Winter’s Bone: This year’s really, really little movie that could.
Darren Aronofsky, Black Swan: He’s the director responsible for history’s most balls-out ballet thriller and 2011’s most acting-filled performance.
Joel and Ethan Coen, True Grit: They shot straight, for once, and wound up with the biggest hit of their careers.
David Fincher, The Social Network: He’s this season’s most overdue helmer, a heretofore underappreciated perfectionist who made 2010’s most discussed movie.
Tom Hooper, The King’s Speech: A first-time film director knocks it out of the park with the year’s most nominated movie.
David O. Russell, The Fighter: A famously combative loudmouth finally sits back and lets the combative loudmouths in one of his movies do the talking.
Javier Bardem, Biutiful: Hey, how often can you root for somebody this handsome as an underdog?
Jeff Bridges, True Grit: It’s Jeff Bridges as the Academy likes him best — totally shitfaced!
Jesse Eisenberg, The Social Network: A promising young talent firmly establishes himself by playing one of the world’s most famous living people, mastering the delivery of Aaron Sorkin’s machine-gun dialogue and surviving David Fincher’s exacting direction.
Colin Firth, The King’s Speech: He should have won last year for A Single Man — but now he’s back to give Oscar voters a second chance.
James Franco, 127 Hours: See?

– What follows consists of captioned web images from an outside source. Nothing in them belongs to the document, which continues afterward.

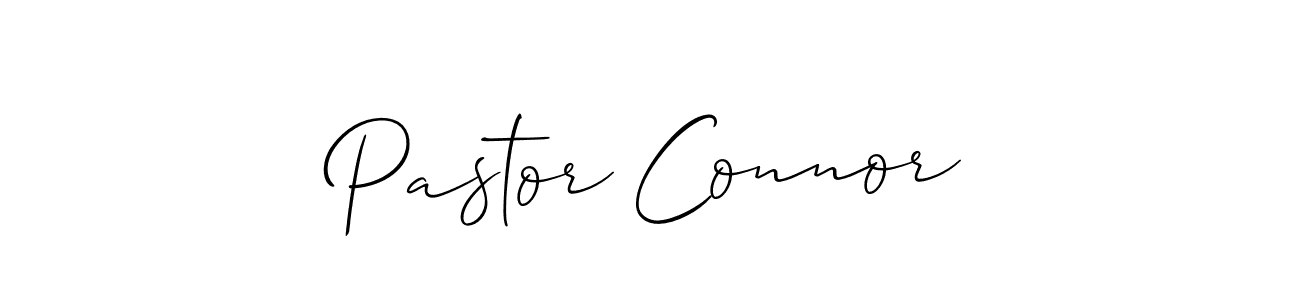 Make a beautiful signature design for name Pastor Connor. With this signature (Allison_Script) style, you can create a handwritten signature for free. Pastor Connor signature style 2 images and pictures png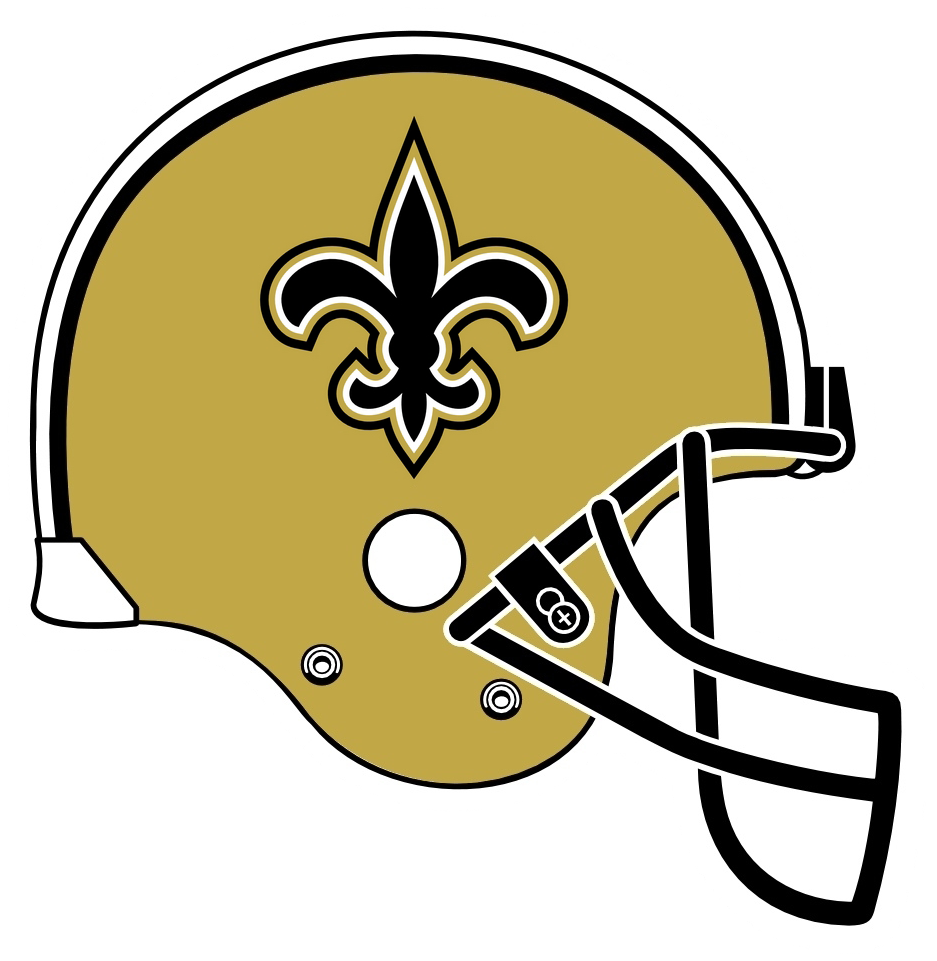 New Orleans Saints Football Clipart - New Orlean Saints Helmet Transparent PNG - 1400x1200 - Free Download on - Football Transparent PNG Free Download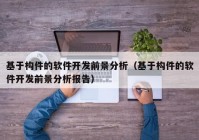 基于构件的软件开发前景分析（基于构件的软件开发前景分析报告）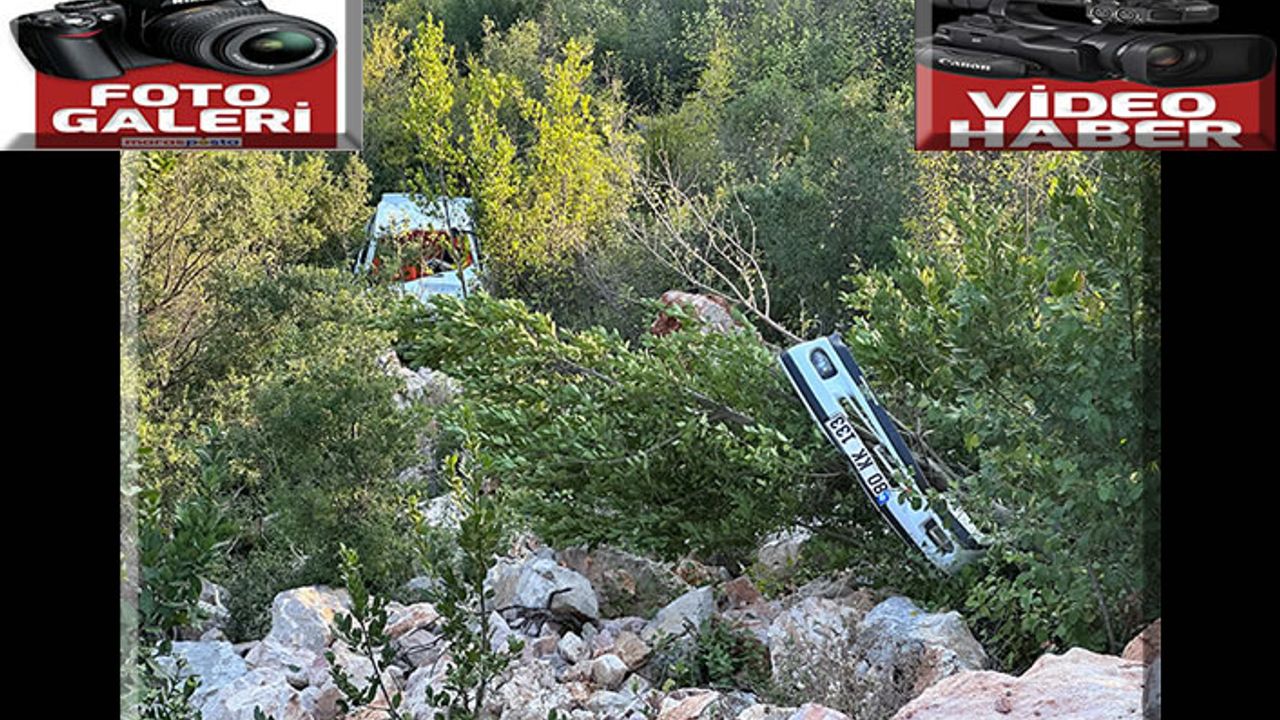 Vadiye yuvarlanan otomobilin sürücüsü hayatını kaybetti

He’s more than just a grad student, soap opera star, Internet meme, and compulsive masturbator — he can act, too!
Annette Bening, The Kids Are All Right: The veteran of this field, she’s due after all those other nominations came to naught. Natalie Portman will have plenty of other chances, but this ought to be Bening’s moment.

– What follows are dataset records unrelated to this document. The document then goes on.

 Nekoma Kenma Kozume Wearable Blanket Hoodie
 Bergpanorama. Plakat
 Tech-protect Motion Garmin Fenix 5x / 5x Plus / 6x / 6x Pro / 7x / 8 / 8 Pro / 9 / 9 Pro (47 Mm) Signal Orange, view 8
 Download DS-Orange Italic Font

Nicole Kidman, Rabbit Hole: if you want to see Nicole Kidman back in independent films instead of misbegotten studio pictures, this is your chance to send her a message.

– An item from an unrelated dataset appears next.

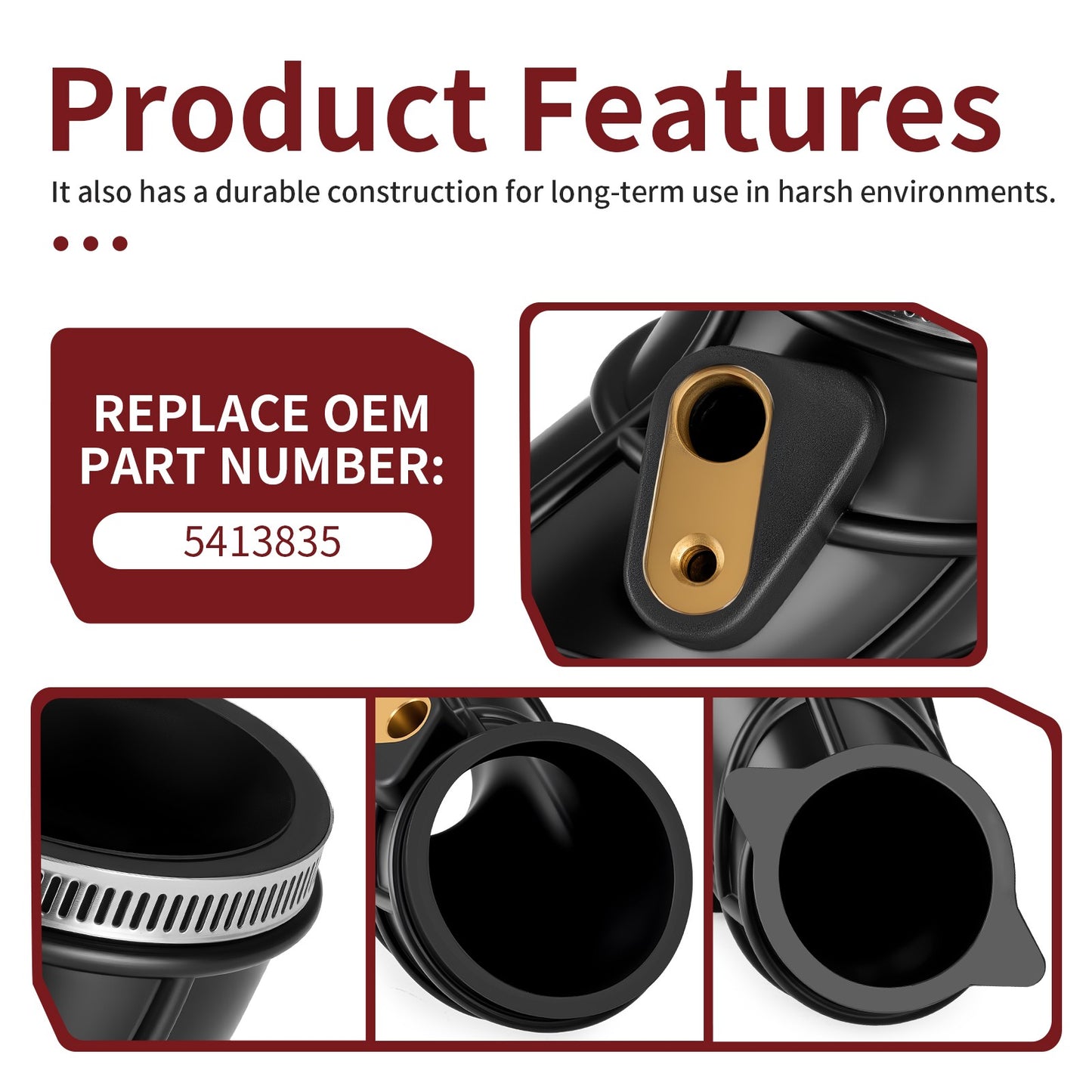 Air Box Boot for Polaris Ranger 800 XP Crew (2010)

Jennifer Lawrence, Winter’s Bone: You want to appreciate her performance even more? Look how beautiful and glamorous this girl is in real life!
Natalie Portman, Black Swan: Annette Bening got to drink wine and sing Joni Mitchell songs, but Natalie had to suffer. Starvation, dance lessons, physical injuries … she deserves it for hazard pay alone.
Michelle Williams, Blue Valentine: Heath Ledger passed away before he could accept his Academy Award, but wouldn’t it be a nice full-circle thing to see the hardworking, sympathetic Williams up there? (And imagine the tears when she’d reference him at the podium.)
Christian Bale, The Fighter: Almost as amazing as his transformation into Dicky Eklund was his ability to go from angry, serious actor to charming awards show speech-maker.
John Hawkes, Winter’s Bone: Hey, where did this guy come from? It’s kind of exciting to have someone new in the race … maybe he’s got some forward momentum?
Jeremy Renner, The Town: Back-to-back Oscar nominations mean something, right? You know you were secretly rooting for him last year in The Hurt Locker…now’s your chance to make good.
Mark Ruffalo, The Kids Are All Right: He had never been nominated for anything until this year, which is awfully criminal considering his stellar work in You Can Count on Me. Who wouldn’t love to see the well-liked Ruffalo collect an Oscar by quoting his character’s favorite expression of disbelief: “Shut the front door”?
Geoffrey Rush, The King’s Speech: Remember Christian Bale’s Terminator shit fit? Can you ever imagine a nice guy like Geoffrey Rush doing that? (Also, the statute of awards limitations has expired for 1997 winner Rush, so it’s okay to give him another Oscar now.)
Amy Adams, The Fighter: Who knew that the princess could get down and dirty? Oscar loves a star willing to play against type.
Helena Bonham Carter, The King’s Speech: Look, she managed to tone down her famous eccentricity! If you give her this Oscar, maybe she’ll brush her hair a little more.
Melissa Leo, The Fighter: If they gave an award for Most Acting, she’d definitely win. Fortunately for Melissa, they often do.
Hailee Steinfeld, True Grit: Imagine a kid delivering that tricky dialogue, and doing it so well! And now that the nomination is secured, it’s time to say what’s obvious: This is her story, not Rooster’s.
Jacki Weaver, Animal Kingdom: Remember last year, when Mo’Nique’s bad mom won? Jacki Weaver’s terrifying matriarch is the only one who could possibly measure up.